Multi-Class Performance Metrics¶

In most literature, standard multi-class performance metrics are used to evaluate an activity recognition algorithm. In module pyActLearn.performace, the following functions get the confusion matrix and calculate per-class performance and overall micro and macro performance.

pyActLearn.performance.get_confusion_matrix(num_classes, label, predicted)[source]¶

Calculate confusion matrix based on ground truth and predicted result

Parameters:	num_classes (`int`) – Number of classes label (`list` of `int`) – ground truth labels predicted (`list` of `int`) – predicted labels
Returns:	Confusion matrix (numpy_class by numpy_class)
Return type:	`numpy.array`

pyActLearn.performance.get_performance_array(confusion_matrix)[source]¶

Calculate performance matrix based on the given confusion matrix

[Sokolova2009] provides a detailed analysis for multi-class performance metrics.
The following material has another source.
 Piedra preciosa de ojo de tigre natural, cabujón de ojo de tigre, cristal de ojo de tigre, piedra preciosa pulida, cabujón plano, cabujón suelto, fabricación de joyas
Per-class performance metrics:

True_Positive: number of samples that belong to class and classified correctly
True_Negative: number of samples that correctly classified as not belonging to class
False_Positive: number of samples that belong to class and not classified correctMeasure:
False_Negative: number of samples that do not belong to class but classified as class
Accuracy: Overall, how often is the classifier correct? (TP + TN) / (TP + TN + FP + FN)
Misclassification: Overall, how often is it wrong? (FP + FN) / (TP + TN + FP + FN)
Recall: When it’s actually yes, how often does it predict yes? TP / (TP + FN)
False Positive Rate: When it’s actually no, how often does it predict yes? FP / (FP + TN)
Specificity: When it’s actually no, how often does it predict no? TN / (FP + TN)
Precision: When it predicts yes, how often is it correct? TP / (TP + FP)
Prevalence: How often does the yes condition actually occur in our sample? Total(class) / Total(samples)
F(1) Measure: 2 * (precision * recall) / (precision + recall)
G Measure: sqrt(precision * recall)

Gets Overall Performance for the classifier

Average Accuracy: The average per-class effectiveness of a classifier
Weighed Accuracy: The average effectiveness of a classifier weighed by prevalence of each class
Precision (micro): Agreement of the class labels with those of a classifiers if calculated from sums of per-text decision
Recall (micro): Effectiveness of a classifier to identify class labels if calculated from sums of per-text decisions
F-Score (micro): Relationship between data’s positive labels and those given by a classifier based on a sums of per-text decisions
Precision (macro): An average per-class agreement of the data class labels with those of a classifiers
Recall (macro): An average per-class effectiveness of a classifier to identify class labels
F-Score (micro): Relations between data’s positive labels and those given by a classifier based on a per-class average
Exact Matching Ratio: The average per-text exact classification

Note

In Multi-class classification, Micro-Precision == Micro-Recall == Micro-FScore == Exact Matching Ratio (Multi-class classification: each input is to be classified into one and only one class)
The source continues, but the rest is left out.